I know this is a old thread, but it is interesting.
One thing to keep in mind is Japan, has industry. It was mainly industry, and a war that pulled us out of the last depression. Look at rome. these things can last a LONG time. Any war we fight now is only a drain as well. Since we do not produce most of the equipment now.
There are some factors we face Japan did not. Namely that our dollar is all over the place. It was not a wise thing to do long term. As we will likely learn the hard way. Others will decline with us. All the while we want to try to tie other countries to this bogus co2 limitation, halting growth. Likely with leaders insane enough to war over it, and a population who is divided, and cant even form their own thoughts in most cases. There are legitimate environmental concerns, many actually, but not co2.
This part is to Mike....
ethanol and bio diesel, can indeed be cost effective without subsidies even in our borders. The problem is corn lobbyists, lobbied for us to use corn, which literally takes roughly as much energy to make as we get out of it. Then we also have to pay for it at the pump, a second time. Completely ridiculous. However other crops can be well worth it, keep money in our country, and we do not even have to use prime farmland AT ALL. Sugar beets, are four times as productive as corn, and need way less input. but there are many other things that work as well.
Pretty much any open land in any part of the world, even the most barren deserts, can grow ethanol, even sustainably, with some crop or another. Most any organic matter works, to make some type of alcohol. Mesquite for instance, needs to only be planted and harvested, and produces as much ethanol per acre as corn, with really no input once established, is perennial(its a bush) and grows in places where there simply is not agriculture.

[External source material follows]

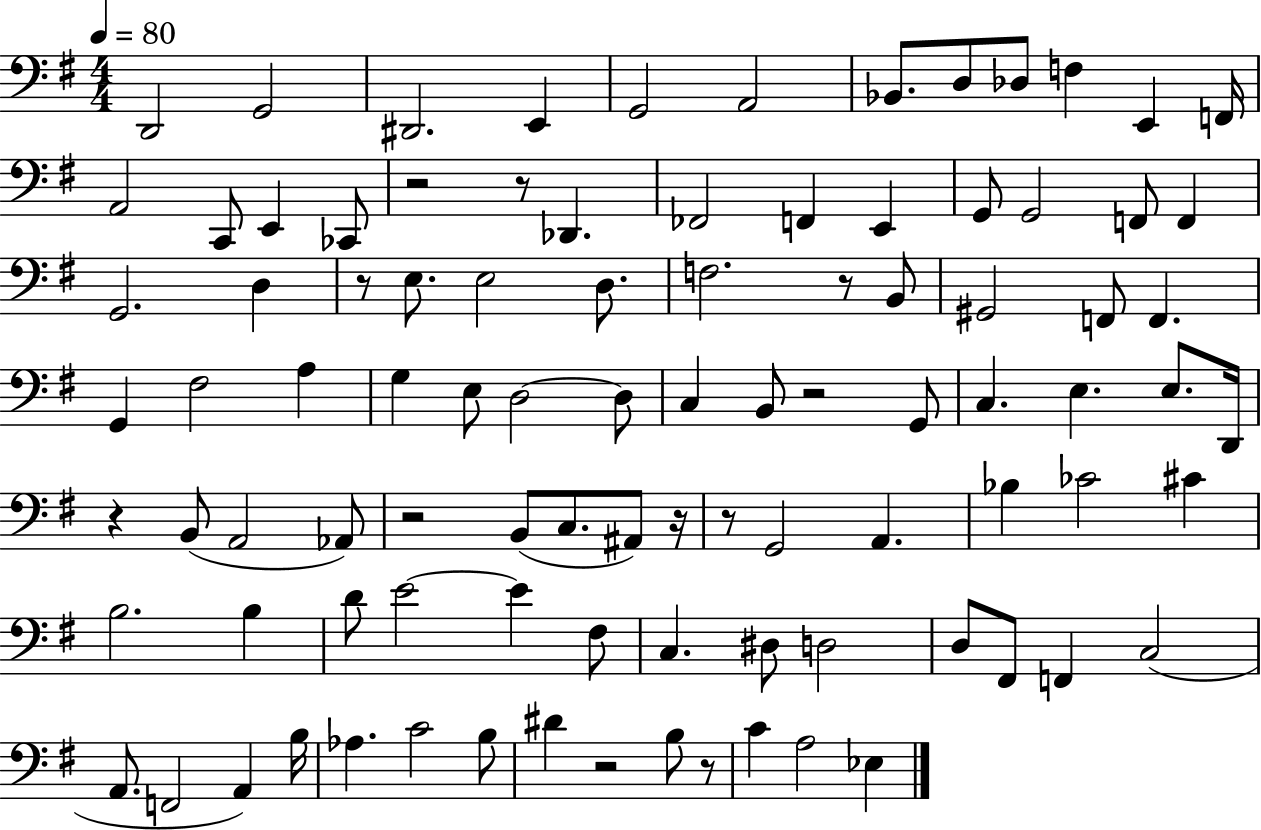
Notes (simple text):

D2/h G2/h D#2/h. E2/q G2/h A2/h Bb2/e. D3/e Db3/e F3/q E2/q F2/s A2/h C2/e E2/q CES2/e R/h R/e Db2/q. FES2/h F2/q E2/q G2/e G2/h F2/e F2/q G2/h. D3/q R/e E3/e. E3/h D3/e. F3/h. R/e B2/e G#2/h F2/e F2/q. G2/q F#3/h A3/q G3/q E3/e D3/h D3/e C3/q B2/e R/h G2/e C3/q. E3/q. E3/e. D2/s R/q B2/e A2/h Ab2/e R/h B2/e C3/e. A#2/e R/s R/e G2/h A2/q. Bb3/q CES4/h C#4/q B3/h. B3/q D4/e E4/h E4/q F#3/e C3/q. D#3/e D3/h D3/e F#2/e F2/q C3/h A2/e. F2/h A2/q B3/s Ab3/q. C4/h B3/e D#4/q R/h B3/e R/e C4/q A3/h Eb3/q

We could easily retain bio diversity, and grow our fuels, keep the money in our country.
I think they are having issues with bio diesel last I heard. It works just fine, and is cheap to make, oxygen as a byproduct even, they use plankton I think it is, problem is it doesnt always stay stable for long periods.... But Im sure something could be done to remedy that, with some funding.
Thing is the profits would be spread far and wide, our current owners do not want that.... So dis info is rampant. But your right, our current policies on ethanol are simply insane.